Combining resources and infrastructure by merging the three RBAs under a ‘hub’ with strong interstate leadership could bridge the gap between market-based systems and civil society. This is not a proposal for a centralized governance – in fact, the concept of a hub implies a more intensive interaction between the agencies and various stakeholders in form of networked governance. This plan seeks to leverage the strengths of the agencies and their missions. Moreover, this food security hub would already have an existing collaboration partner in the rebooted Committee on Food Security.

History reveals that integration on such a global scale is achievable. Brookings Institution President Strobe Talbott outlines how dreams of a European Union became reality because Jean Monnet started small with the right stakeholders in his essay, “Monnet’s Brandy and Europe’s Fate.” The FAO, after all, has nursed this idea since 1944, when there was serious discussion about the establishment of a World Food Board to stabilize food prices, set up reserves, and engage directly with trade and development organizations so their work would bolster food security.

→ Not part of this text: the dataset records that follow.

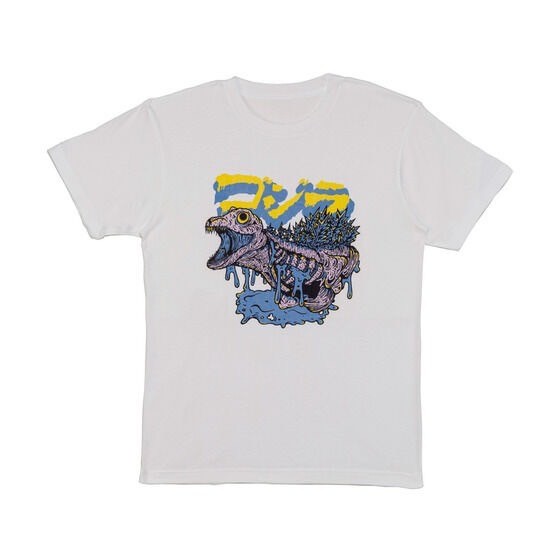 PRE-ORDER : Godzilla T-shirt feat.STUDIO696 Godzilla 2nd Form (Shin Godzilla) Pattern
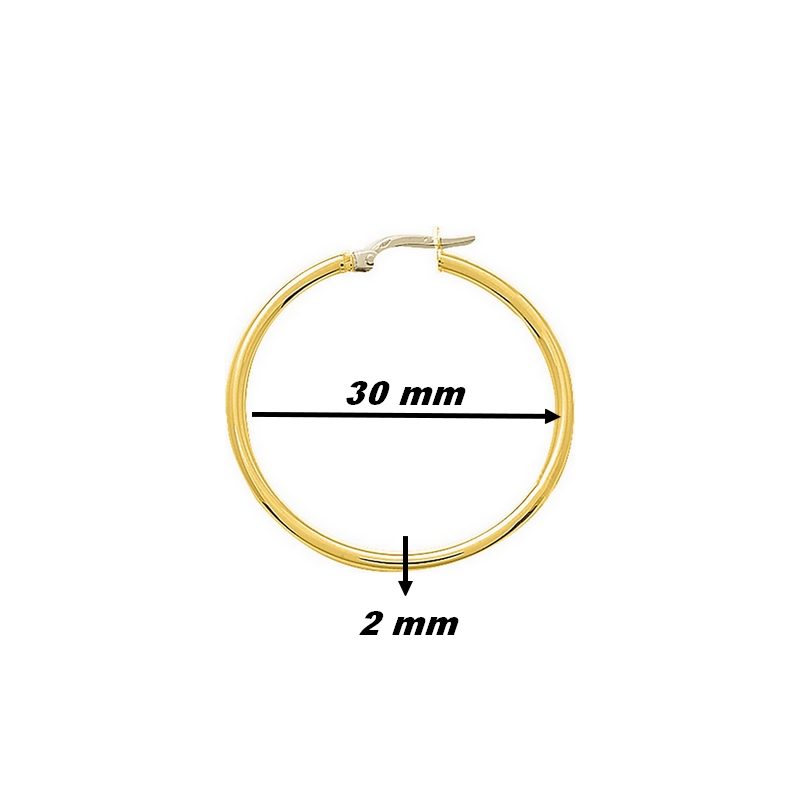 boucles-oreilles-femme-creoles-or-jaune-750-robbez-masson-2535-6-dimensions Boucles d’oreilles créoles Femme Or jaune 750/1000 ROBBEZ MASSON, dimensions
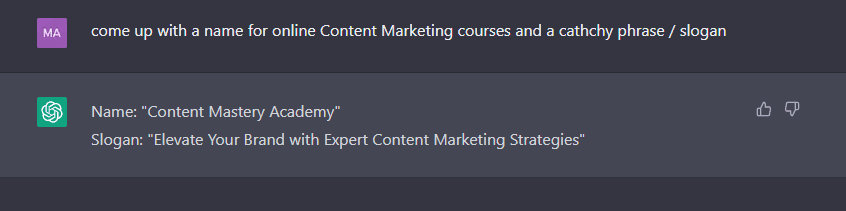 marketing in this tutorial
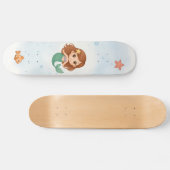 Adorable little mermaid kids persoonlijk skateboard (Horizontaal)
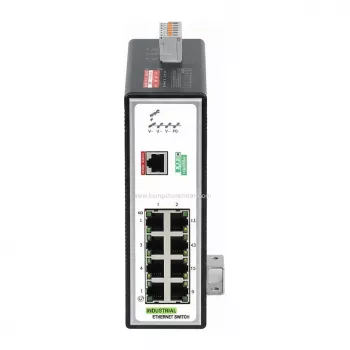 WAGO switch industrial managed 8 porte 100Base-TX PROFINET nero 852-602 - Switch - 0,1 Gbit/s
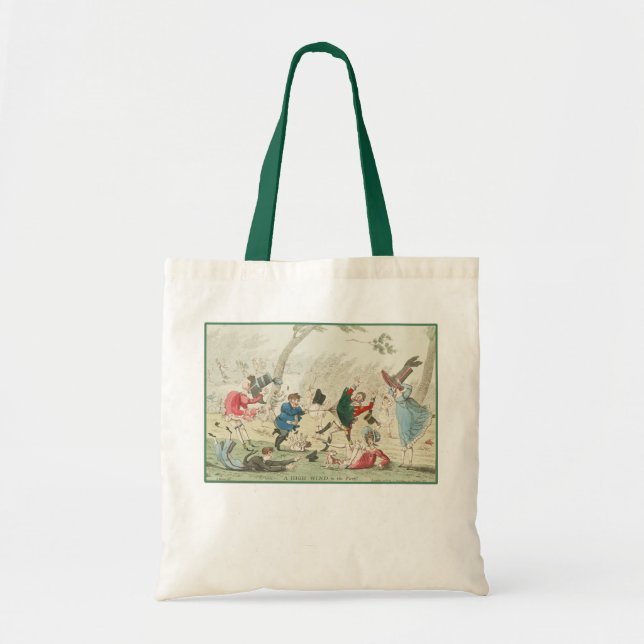 HIGH WIND TOTE BAG (Front)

Talbott uses history to remind us of a broader truth – that we need not be hostage to the status quo and that forging institutions to match global challenges is not only necessary but, with the right vision and leadership, also achievable. Monnet believed that economic integration would temper the inclination to war and conflict that had afflicted Europe for centuries. He was right. But he also recognized the need for a new European architecture to drive agreeable solutions to common problems in a way that treaded lightly on national sovereignty.

This model of ‘revisions’ to the Westphalian state system is easily unpacked and applied to food security. With effectiveness before form, a food security hub would engender the original powers and objectives of the World Food Board that were nearly cast sixty years ago: mitigate price volatility, drive institutional investment coordination, broaden risk response, scale technology application, and build partnership networks between the private sector and civil society.

To implement this vision, it’s best to incorporate the lesson of Monnet and the European Commission. As Talbott illustrated, an idea of this nature must first be incubated and deemed as viable in circles populated by the critical stakeholders of food security — the Food Security Strategy Group at the Aspen Institute and the Commission on Food Security are just two that come to mind. If the idea can build momentum while it is revised and adapted by stakeholders, it will stand a better chance of gaining global traction and adoption not only by the multilateral institutions under discussion, but also by the key leaders and influencers from the private sector and civil society who are pivotal for implementation.

While institutional reform is a tall order, it is a necessary one in the case of food security. One fact is certain: we cannot expect to feed 9 billion people by 2050 under the present, fragmented international architecture. The issue of coordination and governance must be addressed. Housed at the UN and empowered by the public and private sectors, an elevated hub for food security coordination would be poised to drive an integrated global strategy on food security by leveraging the strengths of the existing architecture. This may seem a bold suggestion, but all of the world’s multilateral institutions were at one point just ideas. The time has come to add new tools to the global toolbox to address food insecurity. The stakes are too high not to try.